Datasets, which are a central part of all machine learning, are often alarmingly undocumented. How can we do this better, prioritizing transparency and accountability? The authors propose datasheets that describe the characteristics, collection practices, and recommended uses of datasets.
Authors: Timnit Gebru, Jamie Morgenstern, Briana Vecchione, Jennifer Wortman Vaughan, Hanna Wallach, Hal Daumé III, Kate Crawford
This is a paper that I’ve heard lots about, and that I feel like I’ve read, but haven’t. It’s in the same spirit as Model Cards for Model Reporting, which proposes a framework for reporting on the performance, limitations, and expected usage of machine learning models.
The idea for this paper draws upon a regulation from the electronics industry:
In the electronics industry, every component, no matter how simple or complex, is accompanied with a datasheet that describes its operating characteristics, test results, recommended uses, and other information. By analogy, we propose that every dataset be accompanied with a datasheet that documents its motivation, composition, collection process, recommended uses, and so on.
The goal is to address the needs of both dataset consumers and dataset creators. The benefit for consumers is obvious to me, as someone in industry who deals with undocumented datasets daily. The benefit to creators, meanwhile, is that this process can encourage reflection on the process of creating and distributing the dataset.
To create the list of questions that a datasheet should answer, the authors produced an initial set of questions, tested them out on real datasets, and consulted researchers, practitioners, and laywers. They iterated on the set of questions and landed at the ones listed in the paper, noting that datasheets might differ by domain.
What do datasheets actually contain? Answers to questions, mostly:
The questions are grouped into sections that roughly match the key stages of the dataset lifecycle: motivation, composition, collection process, preprocessing / cleaning / labeling, uses, distribution, and maintenance.
The questions I write below are paraphrased; the full paper includes more questions with further context and details.
Motivation asks why a dataset was created. Who made it? Who funded it? Why was it made?

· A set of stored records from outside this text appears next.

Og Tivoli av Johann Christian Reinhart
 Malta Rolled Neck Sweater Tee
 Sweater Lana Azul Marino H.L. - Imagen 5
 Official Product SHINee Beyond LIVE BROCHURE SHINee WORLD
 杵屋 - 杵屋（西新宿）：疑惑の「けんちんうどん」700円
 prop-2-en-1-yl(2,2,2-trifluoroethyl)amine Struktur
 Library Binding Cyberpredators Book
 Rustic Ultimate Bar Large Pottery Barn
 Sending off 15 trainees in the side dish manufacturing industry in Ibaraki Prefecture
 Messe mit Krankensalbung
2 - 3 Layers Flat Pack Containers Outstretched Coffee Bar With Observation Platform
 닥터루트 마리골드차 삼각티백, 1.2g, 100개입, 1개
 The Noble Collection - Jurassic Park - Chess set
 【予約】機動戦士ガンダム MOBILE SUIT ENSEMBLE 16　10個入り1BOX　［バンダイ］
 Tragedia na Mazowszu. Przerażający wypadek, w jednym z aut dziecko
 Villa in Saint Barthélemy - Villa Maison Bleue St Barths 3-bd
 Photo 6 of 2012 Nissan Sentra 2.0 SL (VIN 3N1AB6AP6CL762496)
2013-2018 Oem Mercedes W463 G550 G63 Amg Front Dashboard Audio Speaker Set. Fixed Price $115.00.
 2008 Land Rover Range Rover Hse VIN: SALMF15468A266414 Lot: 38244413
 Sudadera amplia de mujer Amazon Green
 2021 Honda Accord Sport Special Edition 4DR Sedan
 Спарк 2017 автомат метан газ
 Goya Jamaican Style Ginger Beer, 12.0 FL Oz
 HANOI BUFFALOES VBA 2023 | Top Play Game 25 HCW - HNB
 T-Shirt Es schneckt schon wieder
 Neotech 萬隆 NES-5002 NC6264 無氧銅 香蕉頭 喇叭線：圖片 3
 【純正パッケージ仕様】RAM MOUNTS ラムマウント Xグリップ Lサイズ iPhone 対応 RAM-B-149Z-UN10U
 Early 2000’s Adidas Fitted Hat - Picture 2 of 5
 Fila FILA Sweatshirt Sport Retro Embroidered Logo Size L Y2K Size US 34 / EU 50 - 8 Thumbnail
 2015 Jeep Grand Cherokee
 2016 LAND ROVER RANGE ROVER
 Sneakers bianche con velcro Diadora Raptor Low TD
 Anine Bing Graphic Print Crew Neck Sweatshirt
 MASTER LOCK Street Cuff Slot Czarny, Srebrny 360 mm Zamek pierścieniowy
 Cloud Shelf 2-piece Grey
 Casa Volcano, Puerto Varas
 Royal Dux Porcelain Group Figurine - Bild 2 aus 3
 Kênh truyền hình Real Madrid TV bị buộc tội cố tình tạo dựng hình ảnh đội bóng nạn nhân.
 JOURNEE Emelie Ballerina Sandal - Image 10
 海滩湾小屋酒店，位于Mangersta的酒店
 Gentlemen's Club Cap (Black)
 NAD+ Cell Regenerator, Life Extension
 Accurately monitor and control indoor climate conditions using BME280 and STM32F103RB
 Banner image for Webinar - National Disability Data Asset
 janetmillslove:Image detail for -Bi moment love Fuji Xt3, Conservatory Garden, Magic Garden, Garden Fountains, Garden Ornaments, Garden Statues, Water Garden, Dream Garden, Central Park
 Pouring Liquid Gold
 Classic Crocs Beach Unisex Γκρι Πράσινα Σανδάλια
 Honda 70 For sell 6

Composition helps to describe what’s in a dataset. What do the instances within a dataset represent (documents, photos, people, countries)? Is it a sample, and if so how? Is information missing or incorrect? Does it contain confidential or non-public data? Might content within the dataset be considered offensive or threatening?
Collection is similar, but focuses more specifically on how the data was collected. How was it acquired (from an API, somehow inferred, from human coders, observed, etc.)? Who was involved in this process? Is the data related to people, and if so how did they contribute to the process?
Preprocessing / cleaning / labeling asks if this was done, and if so how. Was the raw data provided? Is the software to do this available?
Uses encourages dataset creators to reflect on how the dataset should and should not be used. Has it been used already (where?)? Are there tasks for which it shouldn’t be used? Is there anything about the composition, collection, or preprocessing that might impact future use?
Distribution considers how the dataset will be shared, internally within an organization or to the public. How and when will it be distributed? Is there a license, copyright, or other regulatory restriction?
Maintenance, finally, encourages dataset creators to plan for maintenance. Who supports, hosts, or maintains the dataset, and how can they be contacted? Will it be updated? Are there retention limits in place?
What I appreciate most about this paper is how practical it is. I (and the authors) recognize that this creates a lot of extra work for dataset creators, but I still think that this provides a useful framework for how to approach documenting real-world datasets. There are several situations in which I could see myself using this at work.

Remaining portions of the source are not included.